◆ Data shown ◆
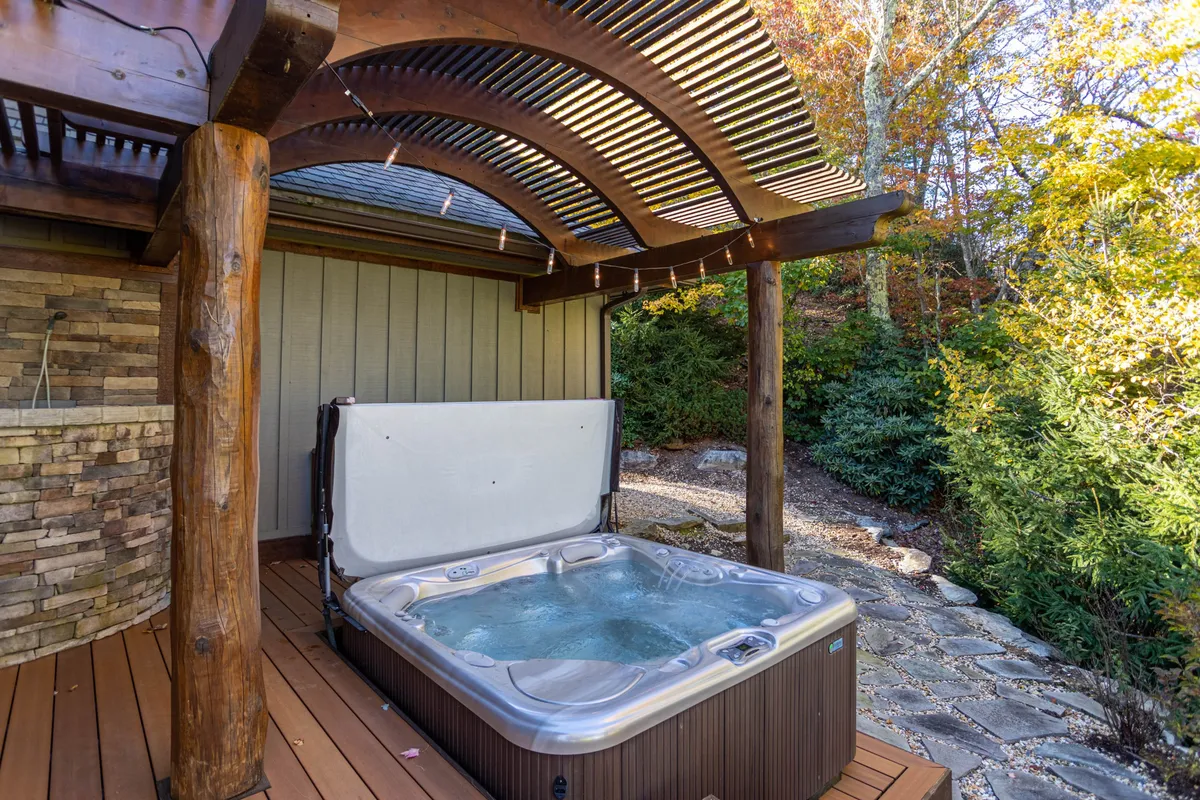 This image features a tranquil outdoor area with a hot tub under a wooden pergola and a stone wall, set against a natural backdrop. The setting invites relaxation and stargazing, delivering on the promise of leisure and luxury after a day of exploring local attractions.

* * *

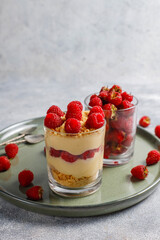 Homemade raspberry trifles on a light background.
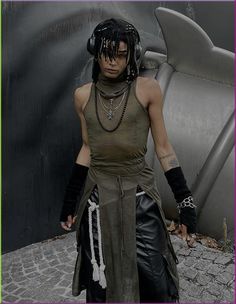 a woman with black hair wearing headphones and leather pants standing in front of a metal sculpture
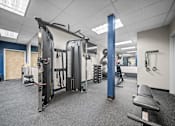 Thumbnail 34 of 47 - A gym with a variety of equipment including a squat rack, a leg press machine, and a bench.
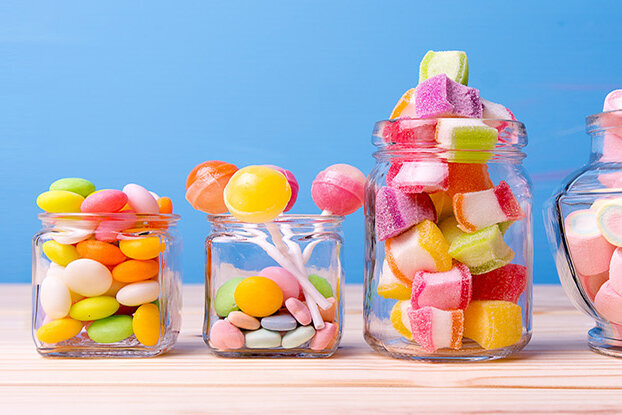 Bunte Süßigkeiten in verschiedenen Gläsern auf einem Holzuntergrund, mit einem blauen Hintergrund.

--

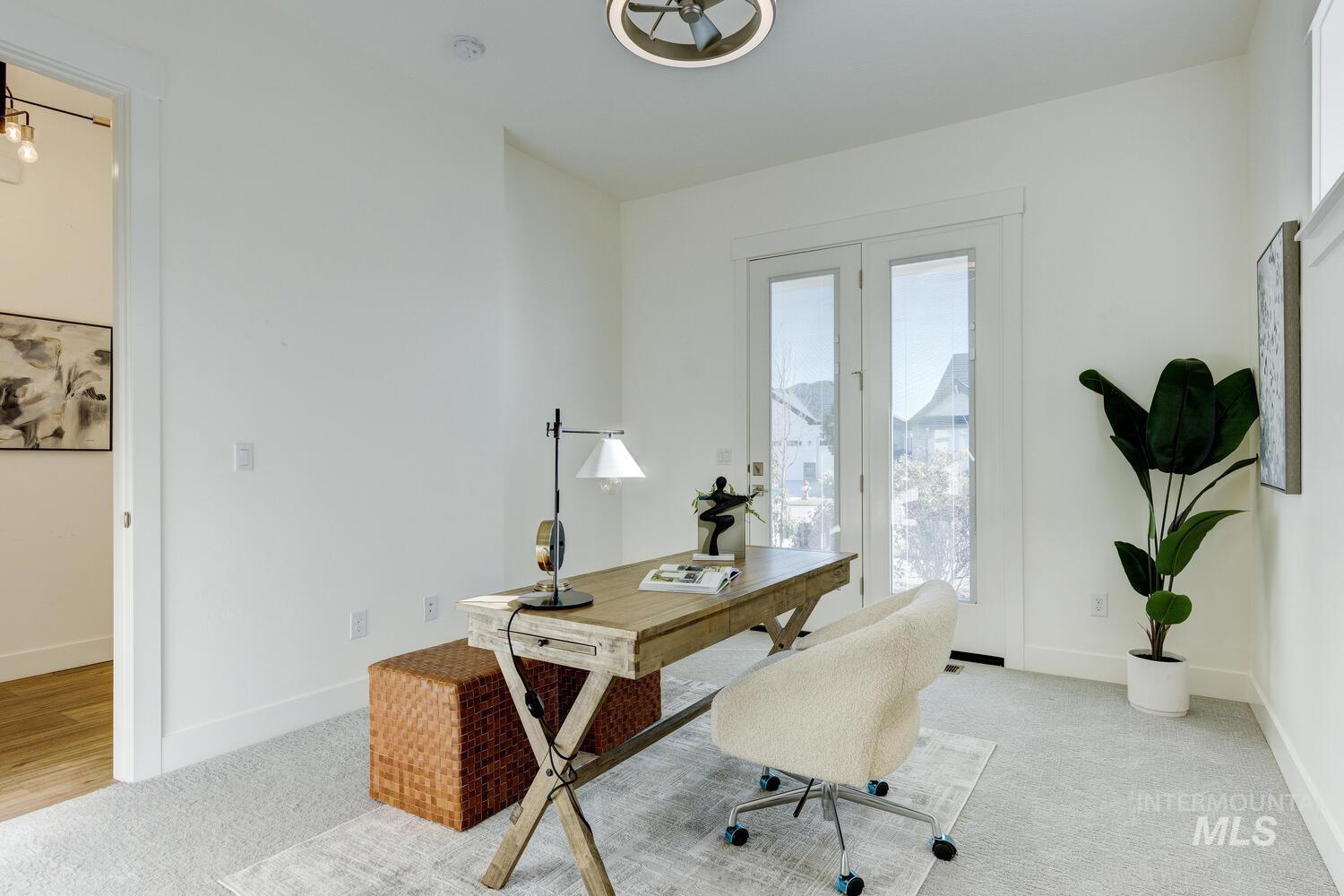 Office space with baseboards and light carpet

◆ Aim of the task ◆
In the material above, which lines fall between the one holding "Homemade raspberry trifles" and the one holding "Thumbnail 34 of", inclusive? Print exactly those, with the pictures left out.

◆ Exercise result ◆
 Homemade raspberry trifles on a light background.
 a woman with black hair wearing headphones and leather pants standing in front of a metal sculpture
 Thumbnail 34 of 47 - A gym with a variety of equipment including a squat rack, a leg press machine, and a bench.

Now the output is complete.